Aiming at the inconsistency in the feature distribution of the fault status signal data collected under different working conditions of the rolling bearing and the unlabeled samples in the target domain, this paper proposes a domain adaptation transfer diagnosis method based on a multi-scale feature fusion residual network. The method is mainly composed of fault feature extraction and domain adaptation. The feature extraction layer is used to extract the common features of the source domain and target domain, this part uses the pre-trained multi-scale feature fusion residual network to extract the general features. The discrepancy between the source domain and the target domain is mainly reflected in the fully connected layer. In the domain adaptation part, the fully connected layer is used to learn the transfer knowledge, and the joint maximum mean discrepancy (JMMD) metric is used to calculate and minimize the joint distribution discrepancy, so as to realize the transfer learning of rolling bearings under different working conditions. The main insights and contributions of this paper are summarized as follows:
In this paper, a domain-adaptive fault diagnosis algorithm for intelligent diagnosis the Residual Joint Adaptive Network based on multi-scale feature fusion is proposed. This algorithm can classify and identify the unknown target domain datasets by using the source domain data with similar fault categories, so as to realize the fault diagnosis of the target domain. And the algorithm does not require any signal processing, which reduces the algorithm’s dependence on signal processing and target domain label data. Experiments show that the algorithm has good adaptability and portability, and has a good application prospect.

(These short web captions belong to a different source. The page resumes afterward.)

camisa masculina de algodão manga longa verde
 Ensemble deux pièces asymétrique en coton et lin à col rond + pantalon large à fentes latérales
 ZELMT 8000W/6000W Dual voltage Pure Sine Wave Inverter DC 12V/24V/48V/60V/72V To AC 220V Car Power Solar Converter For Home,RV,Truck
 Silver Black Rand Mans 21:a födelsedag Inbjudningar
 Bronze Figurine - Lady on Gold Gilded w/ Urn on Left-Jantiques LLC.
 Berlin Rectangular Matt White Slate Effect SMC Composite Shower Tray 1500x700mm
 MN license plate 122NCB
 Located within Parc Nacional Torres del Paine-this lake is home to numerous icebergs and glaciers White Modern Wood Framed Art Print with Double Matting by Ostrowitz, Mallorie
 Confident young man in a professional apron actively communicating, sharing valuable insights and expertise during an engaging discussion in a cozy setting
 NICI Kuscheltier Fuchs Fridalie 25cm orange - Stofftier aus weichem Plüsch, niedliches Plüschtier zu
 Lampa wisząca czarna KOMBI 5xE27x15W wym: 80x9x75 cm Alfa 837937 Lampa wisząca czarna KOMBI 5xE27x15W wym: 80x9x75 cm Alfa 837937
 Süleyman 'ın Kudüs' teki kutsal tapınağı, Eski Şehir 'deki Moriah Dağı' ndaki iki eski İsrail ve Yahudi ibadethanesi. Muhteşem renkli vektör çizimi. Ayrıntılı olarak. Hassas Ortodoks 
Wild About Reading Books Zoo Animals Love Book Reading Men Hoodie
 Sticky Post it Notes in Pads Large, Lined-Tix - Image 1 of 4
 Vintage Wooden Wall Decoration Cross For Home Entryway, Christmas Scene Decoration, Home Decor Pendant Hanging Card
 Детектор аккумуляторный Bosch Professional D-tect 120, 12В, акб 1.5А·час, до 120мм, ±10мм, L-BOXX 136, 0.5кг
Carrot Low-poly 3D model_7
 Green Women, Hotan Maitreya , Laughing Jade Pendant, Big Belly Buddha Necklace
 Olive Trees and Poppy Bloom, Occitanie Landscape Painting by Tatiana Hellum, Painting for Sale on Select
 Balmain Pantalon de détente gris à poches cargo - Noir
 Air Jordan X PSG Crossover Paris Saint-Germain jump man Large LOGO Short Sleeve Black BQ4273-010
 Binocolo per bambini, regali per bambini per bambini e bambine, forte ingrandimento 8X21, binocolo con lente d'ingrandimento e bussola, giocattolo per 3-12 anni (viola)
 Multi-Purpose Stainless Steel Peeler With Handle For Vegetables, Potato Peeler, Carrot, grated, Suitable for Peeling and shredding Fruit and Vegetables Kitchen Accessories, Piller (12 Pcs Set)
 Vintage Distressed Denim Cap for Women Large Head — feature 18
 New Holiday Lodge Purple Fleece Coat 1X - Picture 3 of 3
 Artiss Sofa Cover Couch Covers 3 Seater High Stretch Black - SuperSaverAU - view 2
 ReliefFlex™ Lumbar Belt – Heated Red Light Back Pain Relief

In the fault feature extraction part, considering that the vibration signal has multi-scale characteristics, the algorithm uses multi-scale feature extraction and fusion layer in the first layer, which not only accelerates the training speed of the model, but also can extract more comprehensive multi-scale fault features. The residual module is used to deepen the depth of the model and solve the degradation problem of the deep neural network. APReLU activation function is introduced into the residual network to enhance the feature recognition ability of the network. Therefore, the algorithm can obtain more effective fault feature data in the feature extraction part.
In the domain adaptation part, the algorithm introduces JMMD to calculate the distribution discrepancy and minimizes it to achieve domain adaptation. The traditional measure of the MMD metric only considers the marginal distribution discrepancy between source and target domains, whereas JMMD sums the marginal distribution discrepancy and the conditional distribution discrepancy to measure the discrepancy between domains. Therefore, this algorithm can measure the difference between different domains more accurately when performing domain adaptation, and obtain higher accuracy in the transfer learning problem of rolling bearings.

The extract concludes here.